古くはシーキングザパールやタニノギムレットなど、これまで数々の名馬を輩出してきたシンザン記念(G3)。8日に行われた同レースを制したのは、2番人気のライトクオンタム(牝3、栗東・武幸四郎厩舎)だった。
スタートでやや後手を踏んだライトクオンタムだったが、手綱を取った武豊騎手が「切り替えた」と話した通り、慌てることなく後方から末脚に懸ける競馬。最後の直線に入る際は大外を回ったにもかかわらず、「ゴーサインを出すと反応して最後までしっかりと走ってくれた」と振り返った鞍上の言葉通り、上がり最速の脚を繰り出して豪快な直線一気を決めた。
牝馬によるシンザン記念制覇は、2020年のサンクテュエール以来3年ぶり。近年では、のちに牝馬三冠を達成したジェンティルドンナやアーモンドアイなどがいるだけに、ライトクオンタムもスターダムへと登り詰める可能性は十分にあるだろう。
また、同馬の出世を後押しする材料はこれだけではない。今年のシンザン記念は稀に見る少頭数となったが、過去20年の間で7頭立て以下の重賞を制した馬は、高確率でG1馬となっているのだ。
■7頭立て以下の重賞勝ち馬(過去20年、障害を除く)
2021年 デイリー杯2歳S(G2) セリフォス
2021年 サウジアラビアRC(G3) コマンドライン
2019年 共同通信杯(G3) ダノンキングリー
2017年 東京スポーツ杯2歳S(当時G3) ワグネリアン
2012年 ラジオNIKKEI杯2歳S(G3) エピファネイア
上記の通り、コマンドラインこそまだG1馬となっていないが、該当する5頭中4頭がのちにG1を制している。さらにいえば、コマンドラインは上がり4位だったが、他の4頭はいずれも上がり最速で勝利。つまり、今年のシンザン記念を上がり最速で制したライトクオンタムは、過去の傾向通りならG1馬となる可能性が極めて高いということになる。
そしてこれは同時に、コンビを組んだ武豊騎手にとっても強力なアシストになるかもしれない。何故なら、今後のレジェンドに懸かる記録として、岡部幸雄元騎手が保持しているJRA最年長G1勝利記録(53歳11か月)が控えているからだ。

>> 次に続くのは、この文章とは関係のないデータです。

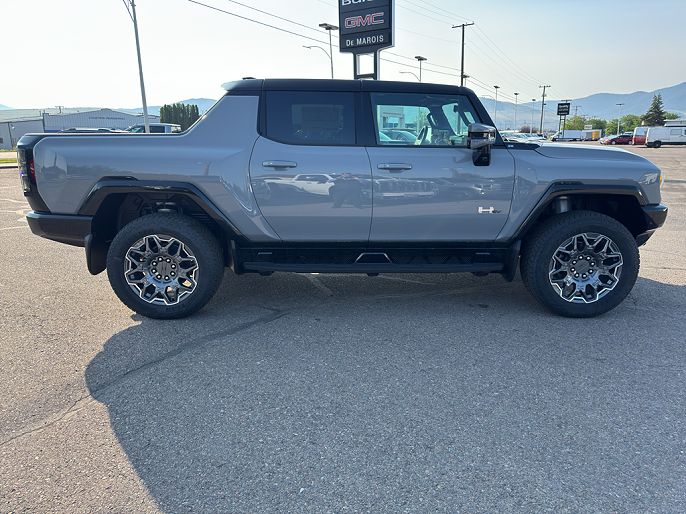 2025 GMC Hummer EV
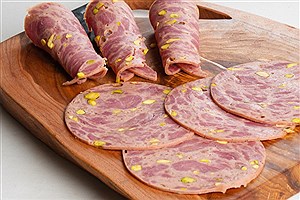 آیا ژامبون با کالباس فرق دارد؟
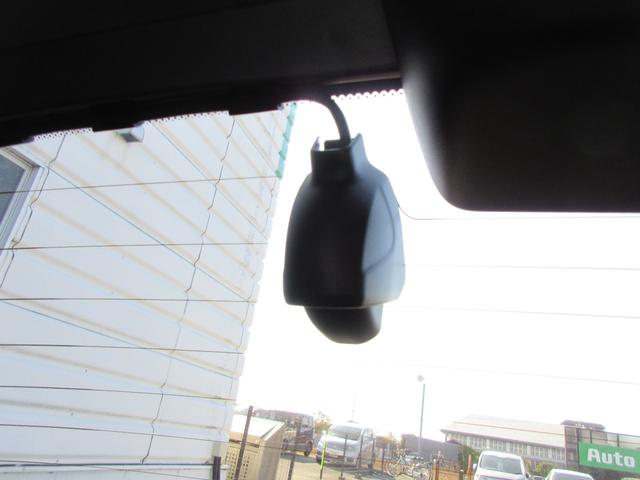 フィット ｅ：ＨＥＶホーム　【修復歴無し】純正９インチＳＤナビ・フルセグＴＶ　バックカメラ　ＥＴＣ　純正前後ドライブレコーダー　ホンダセンシング　ＡＡＣ　レーダークルーズコントロール　ＬＥＤヘッドライト　前後クリアランスソナー（42枚目）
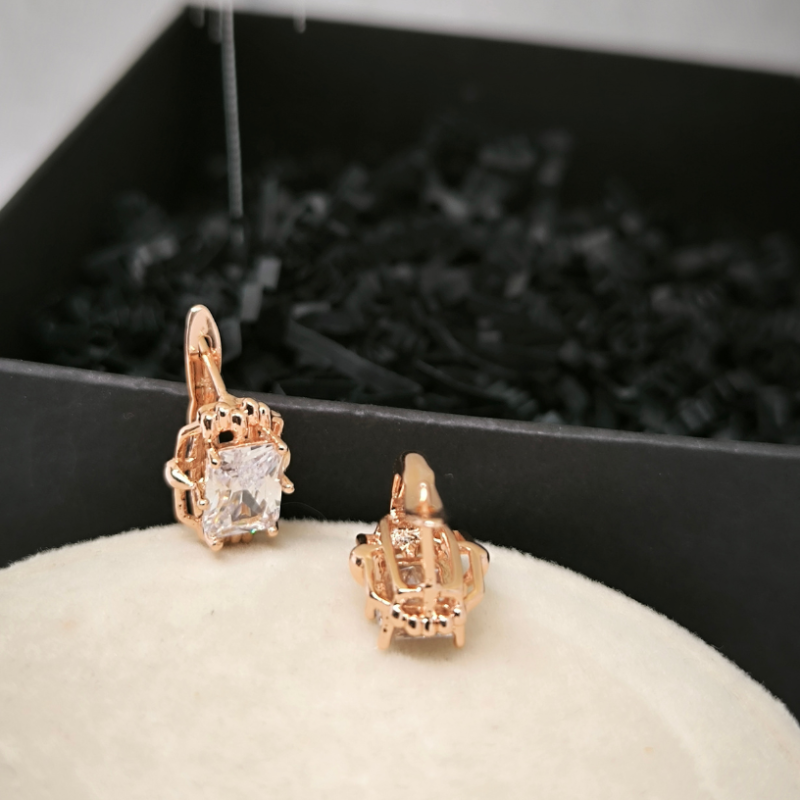 Roosa kulla värvi tsirkooniumiga pidulikud kõrvarõngad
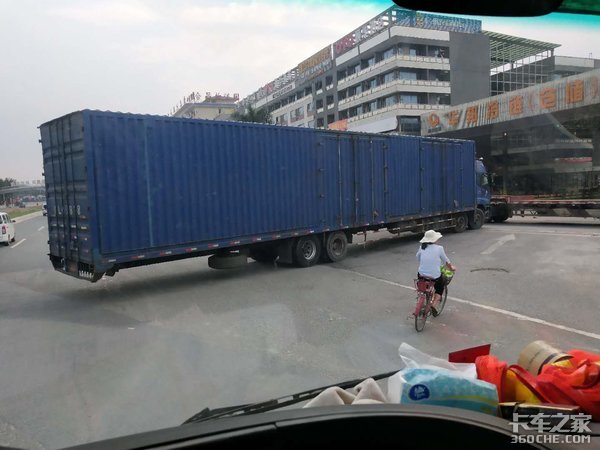 广州现超长载货车 前四后八总长约16米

武豊騎手も約2か月後には54歳を迎えるため、のちにライトクオンタムとG1制覇が叶うようなら、偉大な先輩の記録を塗り替えることになる。
レース後には、武豊騎手から「かなり素質はありますよ」と高評価を受けたライトクオンタム。鞍上に37年連続重賞勝利、JRA通算重賞350勝目を届けた同馬が、また一つレジェンドに「大記録」の称号をもたらすのかもしれない。